Tüm bu koşuşturma içinde ‘acaba bir şeyler yanlış gidiyor olabilir mi’ sorusunu soracak yeterli boşluğu ve haliyle uyanıklık ve cesareti bulamayabiliyoruz. Bulsak dahi bu soruyla nasıl mücadele edeceğimiz de muamma. Bizden önce yaratılmış sistem ve kalıpların itaatkâr kulları olarak yetiştirilmek üzere tedrisatından geçtiğimiz modern kurumlar için bu varoluştaki biricik varlığımızla nasıl iletişimde kalacağımız boş bir felsefeden fazlası değil. Sen bir atsın evladım ve mutluluğun başka atların kaybetmesine bağlı. Sen de gözünü kapatıp koşacaksın. Koşmazsan ya da bu yarış nereye diye soruyorsan ‘gelecek ve itibar’ kartları ile korkutulacaksın. E ne yapacaksın. Çocuksun, mecbur inanacaksın.

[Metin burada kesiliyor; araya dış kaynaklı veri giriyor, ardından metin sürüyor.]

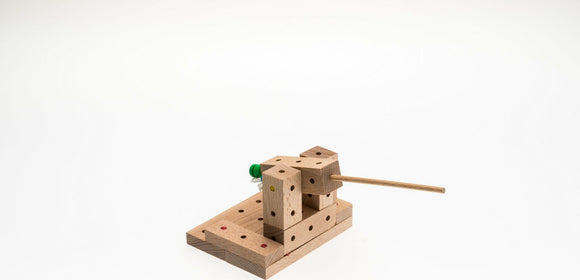 The Catapults Explorer DIY kit by Matador features 56 pieces made from natural wood, allowing users to build a functioning catapult. The design includes pegs and holes for easy assembly, promoting hands-on learning and creativity while exploring principles of physics and engineering.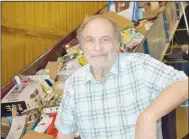  ?? (NWA Democrat-Gazette/Rachel Dickerson) ?? Paul Poulides, president of the board of directors of the Bella Vista Recycling Center, is pictured next to a conveyor belt filled with cardboard at the center. He volunteers at the center regularly.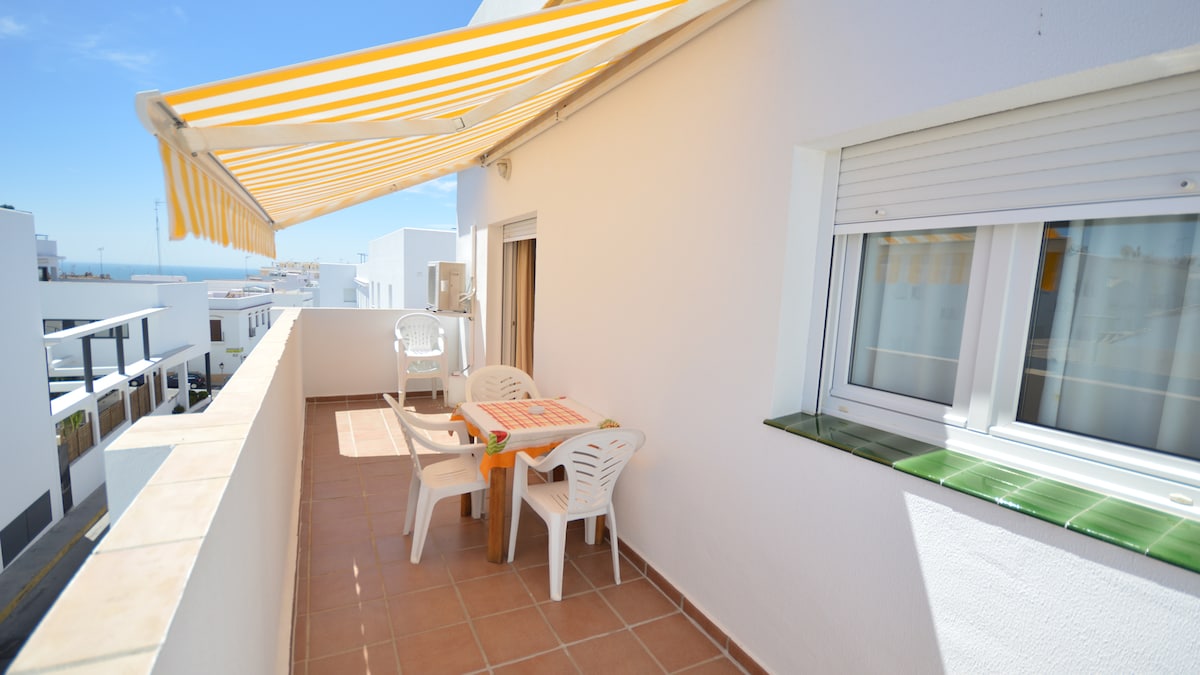 A private terrace is featured, equipped with a sunshade, a table, and four chairs, inviting outdoor dining opportunities. The view extends to the ocean, and natural light fills the space, complemented by a light-colored tiled floor.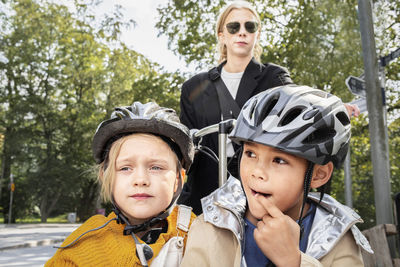 Mother riding bicycle with children in carriage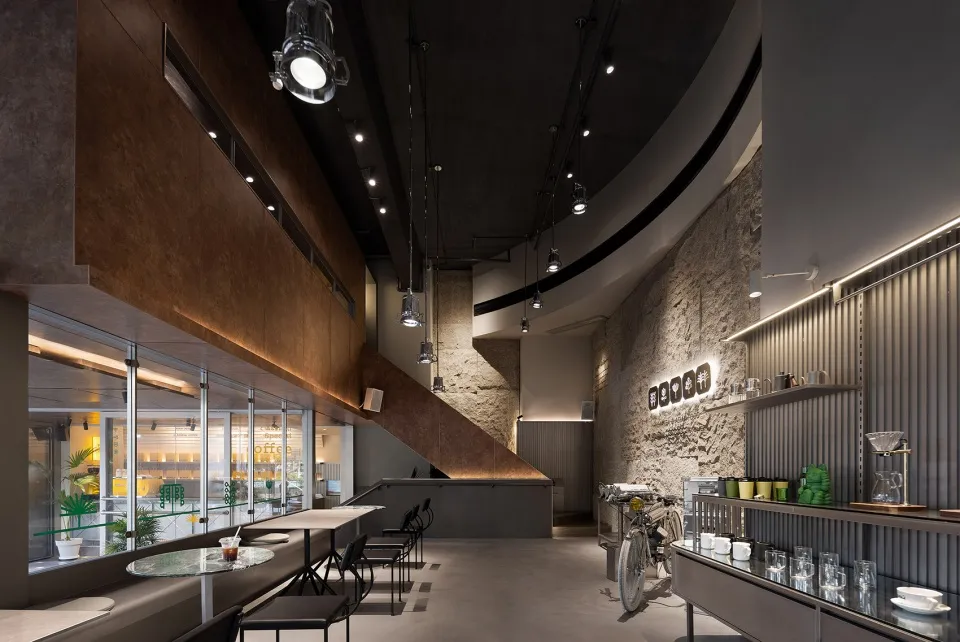 Modern restaurant interior with potted plants, decorative bottles, and vases, set against a contemporary backdrop
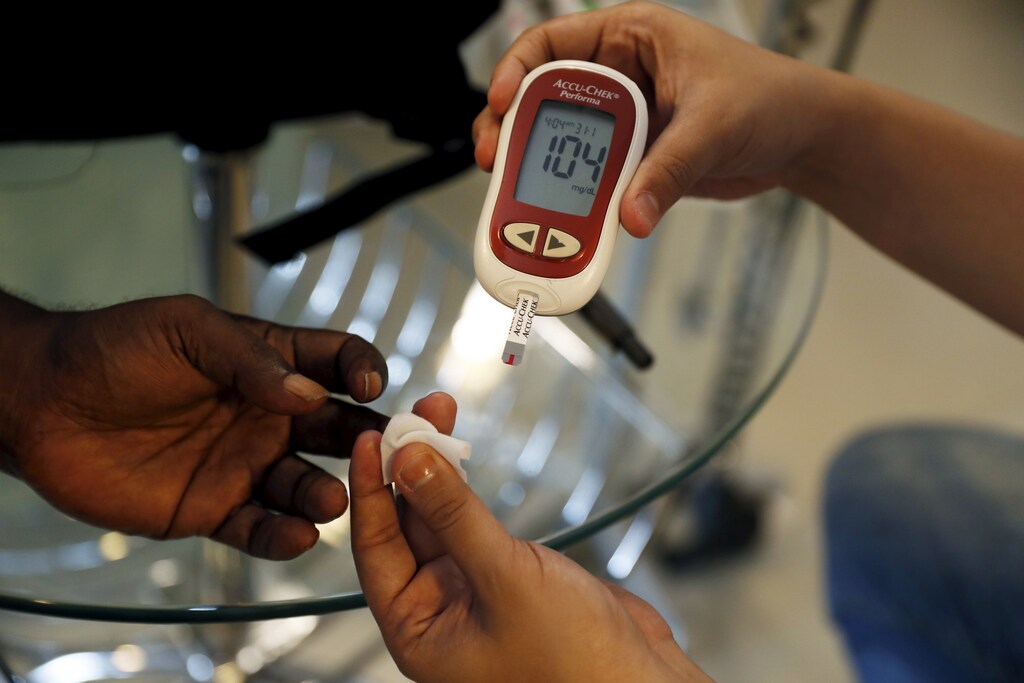 A paramedic (R) checks the blood sugar level of a patient at SS Diabetes Care clinic in Jakarta, Indonesia, April 22, 2016.
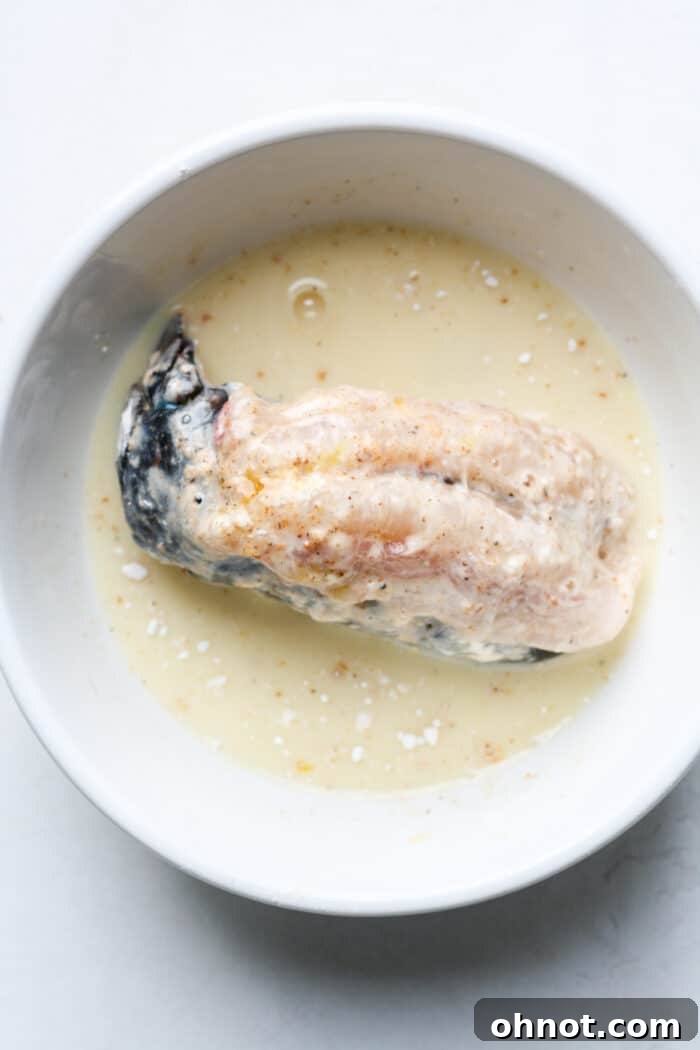 A lobster tail being dipped into the egg wash mixture.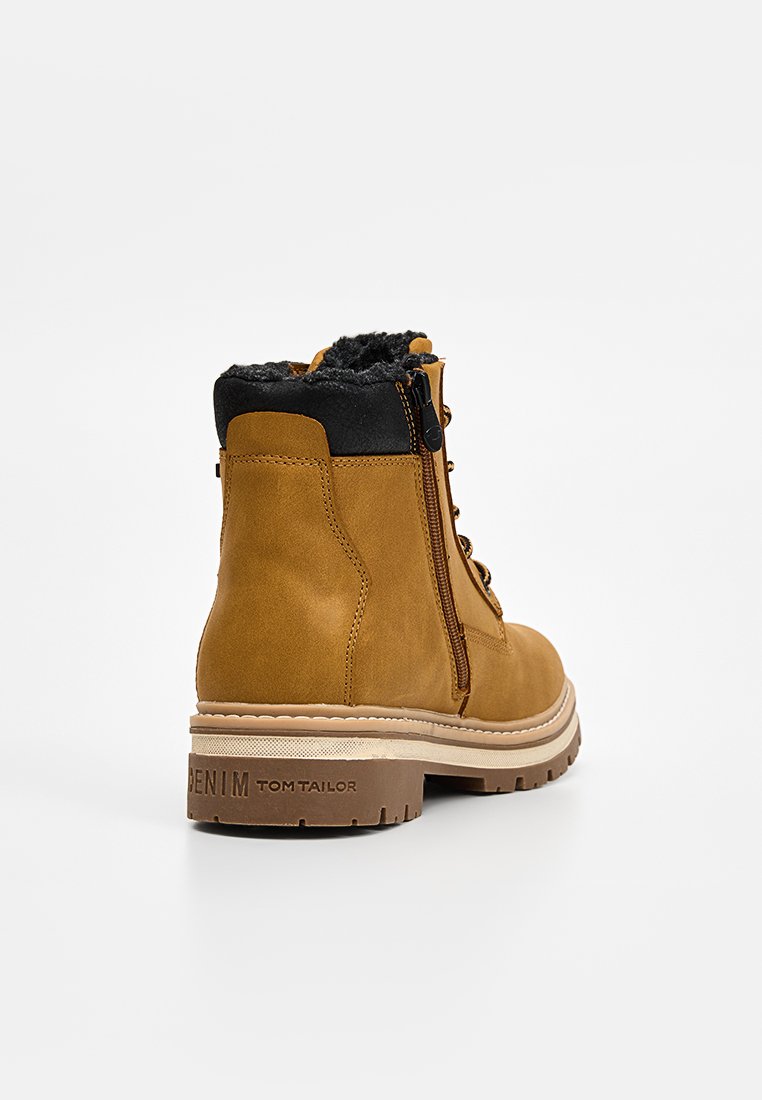 Tawny enkelboots met een glad leren bovenwerk, zwarte bontvoering, een zijrits en een dikke rubberen zool met het opschrift "DENIM TOM TAILOR."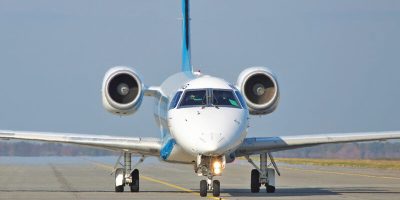 Borispol, Ukraine - October 23, 2011: Dniproavia Embraer ERJ-145 regional passenger plane is taxiing to the runway for takeoff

Yıllarca neredeyse her şeyin standartlaşabildiğini gördük. Eğitim bunların en önde gelenlerinden biri. Standartlaşma bireysel farklılıkları, özgünlüğü ve esnekliği azaltabilir, haliyle yer yer kaliteyi veya derinliği düşürebilir. Ama aynı zamanda tekrar edilebilirliği, ölçeklenebilirliği ve erişilebilirliği artırır. Gel gelelim dünyanın çoğu yerinde, insanın kendi yalnızlığında iç dünyası ile gireceği münasebette ona yardımcı olacak insani becerilerinin inkişafı adına alternatif standartlar dahi sunulmuyor. Kimi memleketlerde lafını etmek bile ayıp... Ne yapalım sorusu birçokları için gündemde dahi değil. Bizlere zamanı nasıl doldurmamız gerektiğine dair tonlarca eğitim veriyorlar, ancak kendimizle baş başa kaldığımızda başımıza geleceklerden ya habersiz bırakıyorlar ya da boşlukları birer utanç çukuru gibi vaaz ediyorlar.
Lisedeki Serdar hocamı♥ hatırladım. Arada böyle deliler çıkıyordu da, matematik dersini bir kenara bırakabiliyor ve bizim iç dünyamızla dertlenip elinden geldiğince hayatı karşılayan becerilerimize odaklanabiliyor ve bizleri bir iç muhasebeye davet ediyordu. Bakmayın ne anlattığını da hatırlamıyorum, hatırladığım şey bizi ‘anlattığı dersin anlaşılmasından’ daha çok önemsediğiydi.
Niye anlattım bu kadar şey? (Biraz dertliyim belki ondan... :)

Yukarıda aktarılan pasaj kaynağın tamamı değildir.